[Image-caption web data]
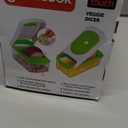 GoodCook Touch Veggie Dicer and Chopper, Stainless Steel Blades, 4-Cup Collection Container, Rapid Food Chopper, Versatile Uses, Non-Slip Base, BPA-Free, Efficient Size, White/Green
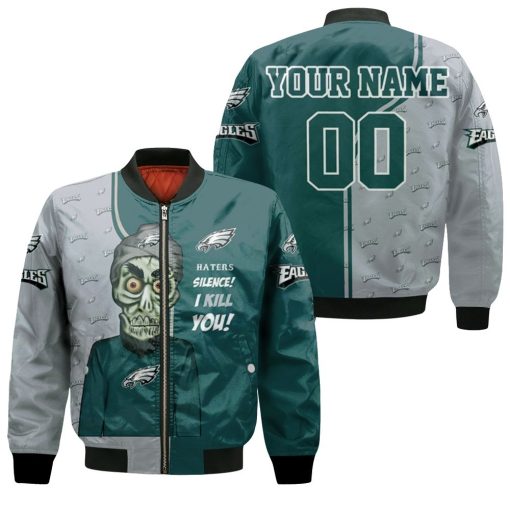 Philadelphia Eagles Camouflage Veteran Personalized Bomber Jacket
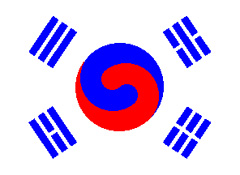 Предположительно так выглядел первый официально утвержденный флаг Кореи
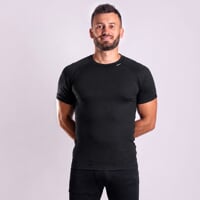 MS NKR pánské funkční tričko s krátkým rukávem černá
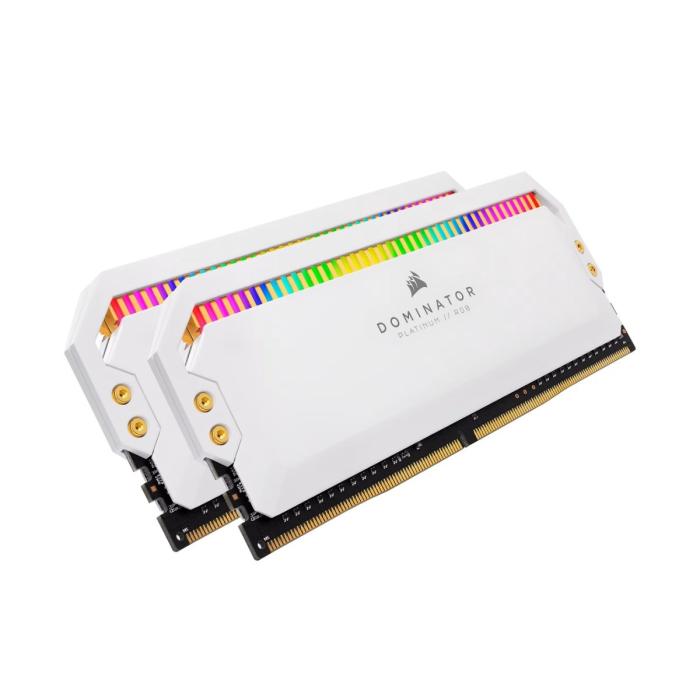 MEMORIA RAM PC 16GB (2×8GB) CORSAIR DOMINATOR PLATINUM RGB DDR4 3600MHz CL18 1.35V RGB CMT16GX4M2C3600C18W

- **AIM OF THE TASK**
Write out the entries again word for word. Do not include the pictures.

- **THE ANSWER**
 GoodCook Touch Veggie Dicer and Chopper, Stainless Steel Blades, 4-Cup Collection Container, Rapid Food Chopper, Versatile Uses, Non-Slip Base, BPA-Free, Efficient Size, White/Green
 Philadelphia Eagles Camouflage Veteran Personalized Bomber Jacket
 Предположительно так выглядел первый официально утвержденный флаг Кореи
 MS NKR pánské funkční tričko s krátkým rukávem černá
 MEMORIA RAM PC 16GB (2×8GB) CORSAIR DOMINATOR PLATINUM RGB DDR4 3600MHz CL18 1.35V RGB CMT16GX4M2C3600C18W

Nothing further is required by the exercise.